__Provided information__:
──────────

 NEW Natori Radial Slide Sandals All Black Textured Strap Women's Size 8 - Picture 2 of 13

──────────

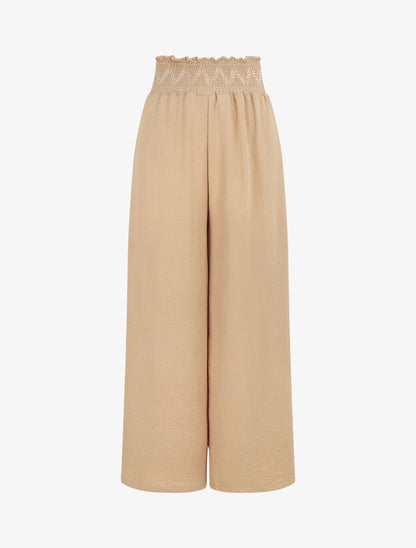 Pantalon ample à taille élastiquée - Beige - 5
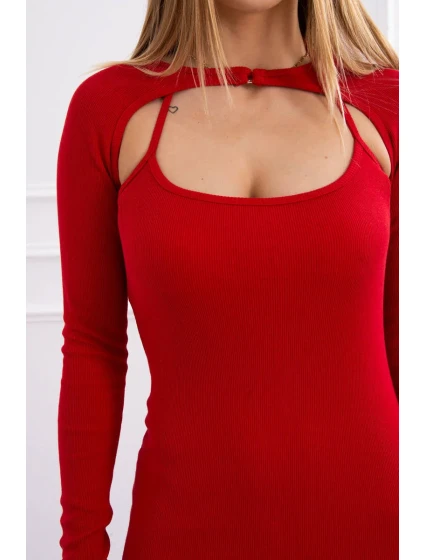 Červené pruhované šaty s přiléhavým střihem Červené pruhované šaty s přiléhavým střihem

──────────

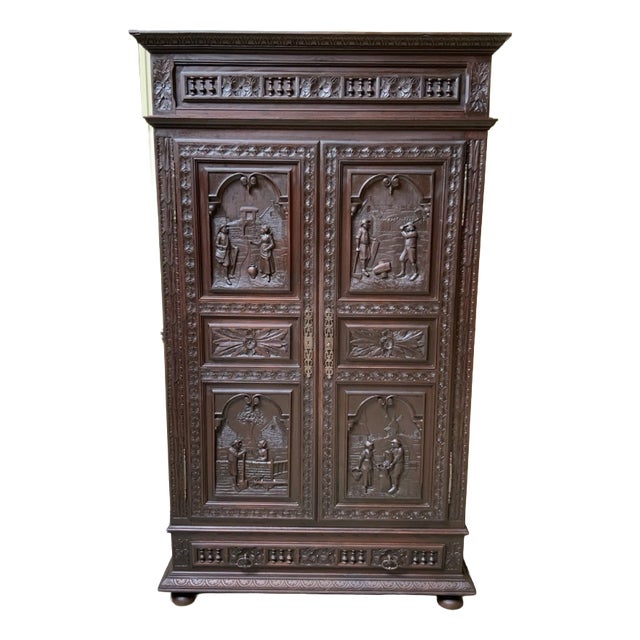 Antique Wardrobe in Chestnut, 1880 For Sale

──────────

__What is needed__: Exact copy, pictures excluded: every line above from the one containing "Pantalon ample à" to the one containing "Červené pruhované šaty s přiléhavým střihem Červené", inclusive, and nothing more.

__Task result__:
 Pantalon ample à taille élastiquée - Beige - 5
 Červené pruhované šaty s přiléhavým střihem Červené pruhované šaty s přiléhavým střihem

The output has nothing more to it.